WASHINGTON (Reuters) - The United States plans deeper engagement with Sudan’s government, rather than further isolating Khartoum as President Barack Obama advocated last year, a U.S. official said on Saturday.
The policy change envisages a mix of “incentives and pressures,” but there are no immediate plans to ease sanctions on Khartoum, which the United States has accused of genocide in the war-ravaged western Darfur region, the official said.
Secretary of State Hillary Clinton was due to unveil the new approach on Monday but there could still be changes, said the U.S. official, who spoke on condition of anonymity.
Some human rights groups, frustrated by the world’s failure to end the humanitarian crisis in Darfur, have expressed disappointment at Washington’s failure to take the tough line on Sudan that Obama supported during his campaign.
The United Nations estimates that as many as 300,000 people have died and more than two million have been driven from their homes in Darfur since 2003, when mostly non-Arab rebels took up arms against the government. Khartoum puts the death toll closer to 10,000.
The planned policy change reflects the beliefs of Scott Gration, whom Obama appointed in March as a special envoy Sudan, the U.S. official said.
Gration has argued that Sudan’s many problems can only be resolved with the cooperation of the government of President Omar Hassan al-Bashir. “His point has been that you are not going to be able to bring peace to Sudan unless you work with Bashir,” the official said.
In March, the International Criminal Court in The Hague issued an arrest warrant for Bashir for war crimes.
The U.S. official said he did not expect direct talks with Bashir, but that “my understanding is that the administration is not planning any immediate lifting of sanctions.”
The intent was to test Khartoum’s willingness to take steps to end the conflict in Darfur and implement a 2005 North-South peace agreement on a specific timeline before there is any move toward dropping sanctions, the official said.
“Getting off the terrorism list is something that could happen if and only if they have taken the right steps,” he said, referring to a U.S. list of state sponsors of terrorism.

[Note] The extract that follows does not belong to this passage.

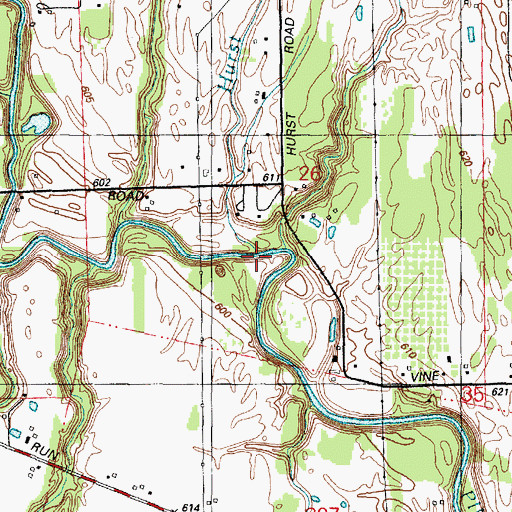 Topographic Map of Hurst Drain, MI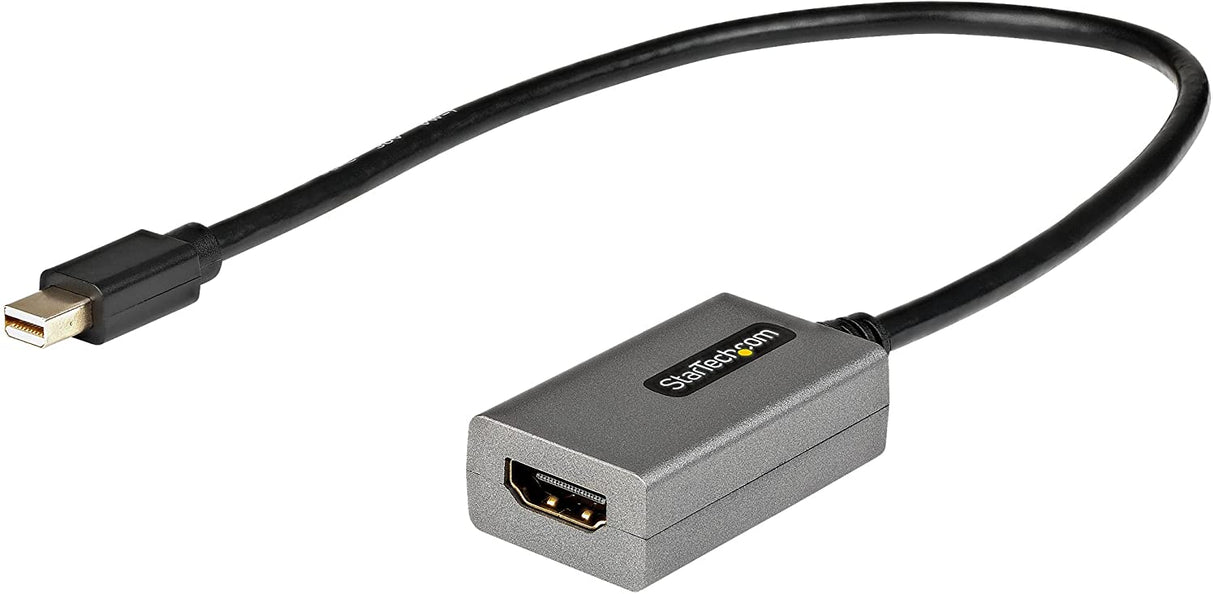 StarTech.com Mini DisplayPort to HDMI Adapter - 1080p - mDP 1.2 to HDMI Monitor/Display - Mini DP to HDMI Adapter Dongle Converter - 12" Long Attached Cable - Upgraded Version of MDP2HDMI (MDP2HDEC) Silver 1080p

“The issue is not engagement or non-engagement, it is the terms of engagement,” said Jerry Fowler, President of the Save Darfur Coalition. “The burden of proof is on the government of Sudan. There must be concrete and lasting progress before relations can improve.”
During his campaign last year, Obama called the violence in Darfur genocide and a “collective stain on our national and human conscience.” He said he wanted stiffer sanctions on the Khartoum government.
In January, Clinton said the Obama administration was considering the creation of no-fly zones and other sanctions. But in July, Gration told lawmakers in Congress that sanctions against Sudan were counterproductive and that he did not know of any intelligence to justify Sudan remaining on the list of state sponsors of terrorism.